A photo from Vineyard Wind 1 groundbreaking

Construction Starts on First Large-Scale US Offshore Wind Farm

Vineyard Wind has broken ground for its 806 MW Vineyard Wind 1 project in Barnstable, Massachusetts, setting the US on a road to its first commercial-scale offshore wind farm, which is also the first such project in the Americas region.

Vineyard Wind

The groundbreaking ceremony took place on 18 November at Covell’s Beach, where the offshore wind farm will connect to the national grid on land, with the US Secretary of the Interior Deb Haaland, Massachusetts Governor Charlie Baker, Energy and Environmental Affairs Secretary Kathleen Theoharides, and Representative Bill Keating joining the team behind the project to celebrate the start of construction.

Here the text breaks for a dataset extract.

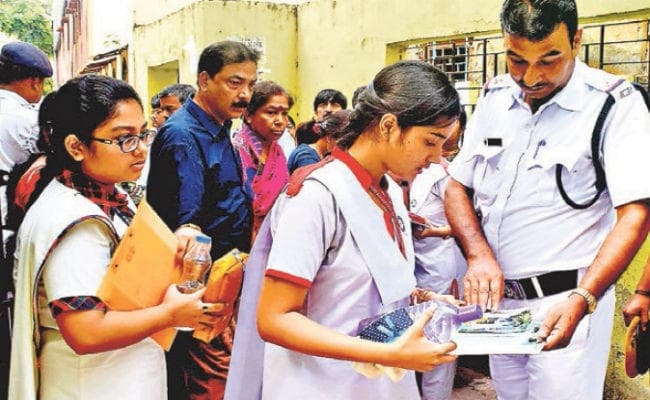 कोलकाता : मालदा में फर्स्ट लैंग्वेज का पेपर लीक होने की अफवाह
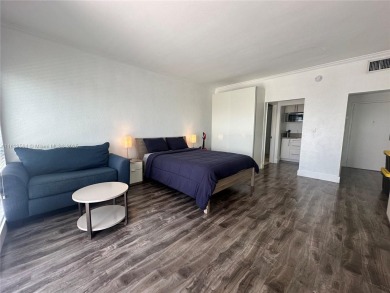 This David Willam furnished studio is located in the heart of on Granada Golf Club in Florida - for sale on GolfHomes.com, golf home, golf lot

The first phase of construction works will include laying two transmission cables that will connect Vineyard Wind 1 to the mainland. Offshore work is scheduled to commence next year with the installation of foundations and cables, followed by wind turbines.

Last month, Italy’s Prysmian Group received the Notice to Proceed with its contract to supply a submarine power cable system for Vineyard Wind 1, which requires a total of 134 kilometres of power cables. Prysmian will produce the cables at its factories in Finland and Italy, and install them using its cable laying vessels Cable Enterprise and Ulisse.

Related Article

According to earlier information about the project, Linxon will construct a 220/115kV onshore substation that will connect the wind farm to the New England power grid.

The wind farm, located 15 miles (some 24 kilometres) off the coast of Martha’s Vineyard in Massachusetts, will feature 62 Haliade-X 13 MW turbines and is expected to deliver its first power to the grid in 2023, with full commissioning scheduled for the fourth quarter of the year.

“Utility scale offshore wind projects like the one breaking ground today are a hallmark of the infrastructure revolution underway under the Biden-Harris administration, including with the President’s signing this week of the Infrastructure Investment and Jobs Act”, the US Department of the Interior (DOI) stated in a press release.

As reported this week, the new Infrastructure Investment and Jobs Act, signed into law by the US President Joe Biden on 15 November, will help expedite some of the infrastructure upgrades to ports and electrical grid needed to spur the creation of a national offshore wind industry, according to David Hardy, CEO of Ørsted Offshore North America.

Related Article

The Bureau of Ocean Energy Management (BOEM) approved the Vineyard Wind 1 offshore wind farm in July. Two months later, the developer Vineyard Wind, a joint venture between Avangrid Renewables and Copenhagen Infrastructure Partners (CIP), reached financial close on the project and moved it into the construction phase.

Vineyard Wind 1 is the first commercial-scale offshore wind farm in the US to achieve financial close and, at USD 2.3 billion, represents one of the largest investments in a single renewable energy projects in the US.

Related Article

DEME Offshore’s US arm was contracted to install both the foundations and the wind turbines.

As the contractor for the foundation installation, DEME will handle the transportation and installation of the monopile foundations, transition pieces, and scour protection for the wind turbine foundations, and will also transport and install the offshore electrical substation foundation and platform.

For the wind turbine installation, DEME Offshore US will team up with FOSS Maritime Company, a US maritime service contractor, which will provide skilled personnel and Jones Act compliant feeder vessels for the 62 GE Haliade-X units to be transported from the port of New Bedford to DEME’s installation jack-up vessel.

Jan De Nul and the TFKable Group-owned JDR will deliver almost 210 kilometres of 66 kV inter-array cables that will connect the project’s 62 turbines and transfer electricity to an offshore substation for transmission to the grid.